Y era entonces que le empezaba la pólvora a correr, a encenderse por todo su temperamento; ay, qué sofoco, chochito, que le prende las entrañas y la pone a malbajiar, mala puñalá te den, hijoeputa, mala puñalá te endiñen, para volver de seguido a hundir las uñas en la bayeta y a echar por la boca. Si tienes sed, traga saliva, hijoeputa. No necesitaba figurarse lo que el Coronel andaba proponiéndole al Roque. El vozarrón se podía escuchar dentro de la taberna y la Sole presentía el banquete que el hijoeputa se iba a pegar. ¡Qué coraje le daba ver a su Roque to cuajao! ¡Mira tú qué coraje! Y sin embargo el muy capullo se mostraba tranquilo, con ese destello de acero en la mirada del que las tiene todas consigo Que nadie se me asuste, que por debajo de esta sarta de vulgaridades palpita una depurada y sangrante poesía: ahí debajo está el rasgueo de la guitarra de Camarón, dos paladas de sal de la mar océana y el pestazo de los atunes que se pudren al sol en las playas gaditanas.

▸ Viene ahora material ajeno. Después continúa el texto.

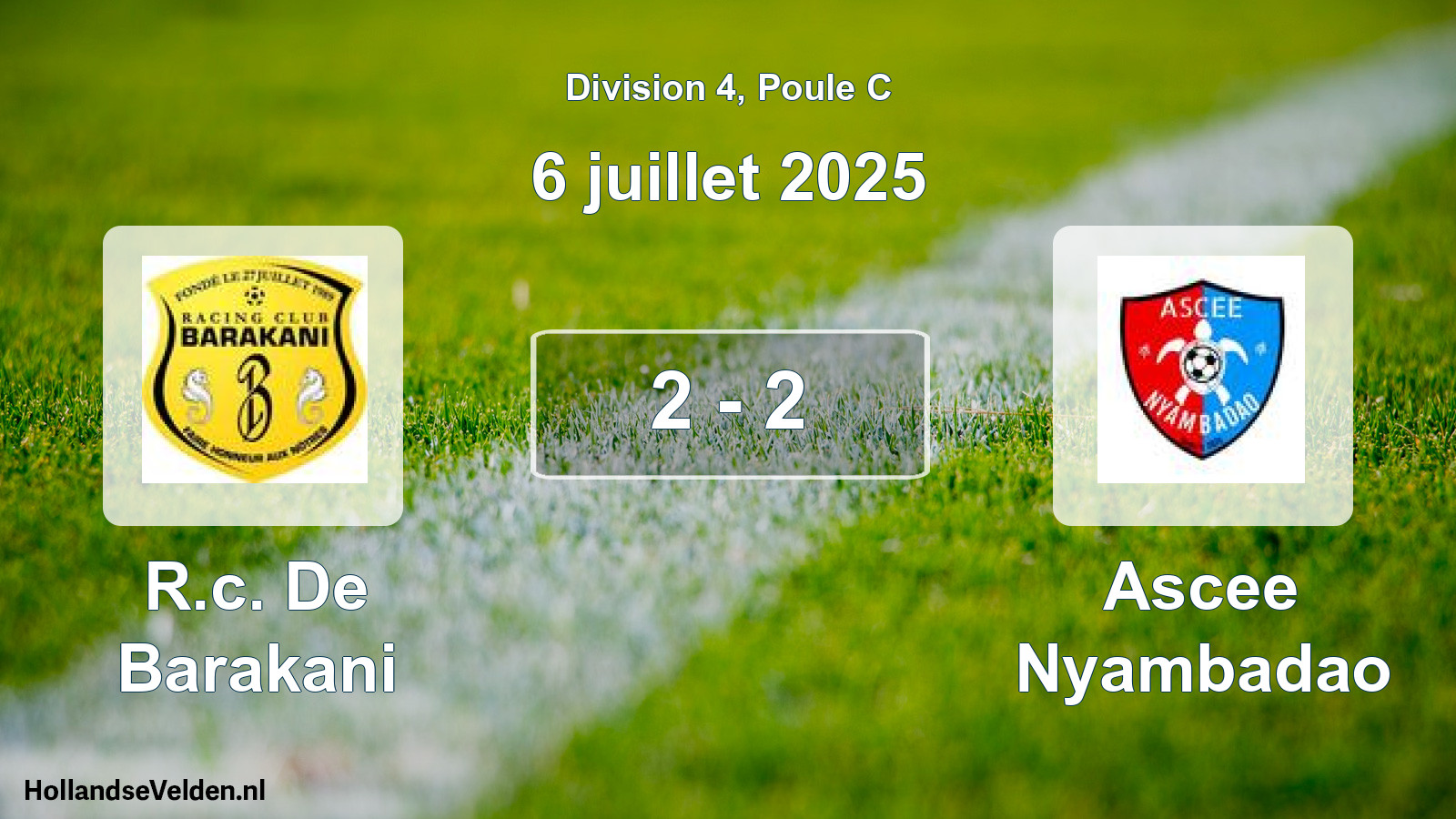 Match joué: R.c. De Barakani - Ascee Nyambadao 2 - 2 (6 juillet 2025)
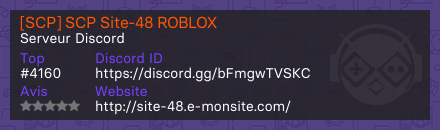 [SCP] SCP Site-48 ROBLOX - Serveur Discord
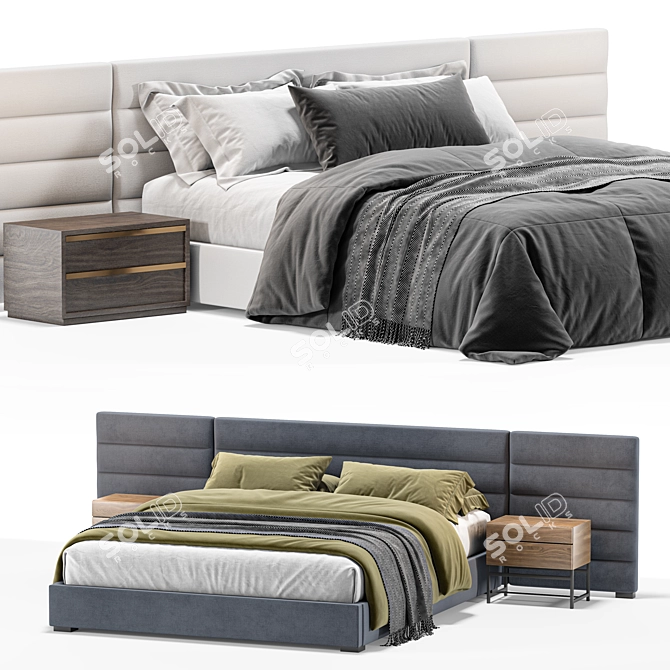 Modena Fabric Bed Frame 3D model image 2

El resultado final de esta historia de escasísima historia, con todo, merece un fuerte aplauso. Pérez Reverte, padrino literario de Montero, dice que su lenguaje está entre el Cela de "La familia de Pascual Duarte" y el soberbio Valle Incán de

"Ruedo Ibérico", aunque ya sabemos que el académico diría cualquier cosa con tal de defender al autor que personalmente aupó desde el primer momento. ¿Debemos considerar la fatalidad como una de las raíces de lo andaluz? "La fatalidad", responde él, "forma parte de nuestra herencia árabe". Árabe o no, fatalidad o entretenimiento lumpen, recomiendo la lectura de esta novela a todo aquel que pueda y sepa disfrutar del trabajo de un genuino outsider de la creación narrativa, de la literatura sin complejos y de las historias ligeritas que se leen solas y no dejan huella.